• [EXERCISE OBJECTIVE]: Below are records; reproduce exactly the lines from the one containing "L'agora Old Town Hotel & Bazaar 23/35" through the end, both included, and only those.

Records from a dataset:
****************

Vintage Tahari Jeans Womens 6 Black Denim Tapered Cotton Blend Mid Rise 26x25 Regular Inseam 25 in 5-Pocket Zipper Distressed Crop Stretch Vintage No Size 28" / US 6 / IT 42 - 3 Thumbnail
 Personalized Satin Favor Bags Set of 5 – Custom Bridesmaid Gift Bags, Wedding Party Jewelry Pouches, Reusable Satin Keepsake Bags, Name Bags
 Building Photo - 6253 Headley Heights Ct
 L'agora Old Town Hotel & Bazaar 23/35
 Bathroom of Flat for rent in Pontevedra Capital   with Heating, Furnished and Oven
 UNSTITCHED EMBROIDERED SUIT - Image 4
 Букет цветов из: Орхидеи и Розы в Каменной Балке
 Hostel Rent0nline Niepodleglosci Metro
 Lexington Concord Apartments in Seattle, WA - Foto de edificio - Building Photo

****************

• [WRITTEN SOLUTION]:
 L'agora Old Town Hotel & Bazaar 23/35
 Bathroom of Flat for rent in Pontevedra Capital   with Heating, Furnished and Oven
 UNSTITCHED EMBROIDERED SUIT - Image 4
 Букет цветов из: Орхидеи и Розы в Каменной Балке
 Hostel Rent0nline Niepodleglosci Metro
 Lexington Concord Apartments in Seattle, WA - Foto de edificio - Building Photo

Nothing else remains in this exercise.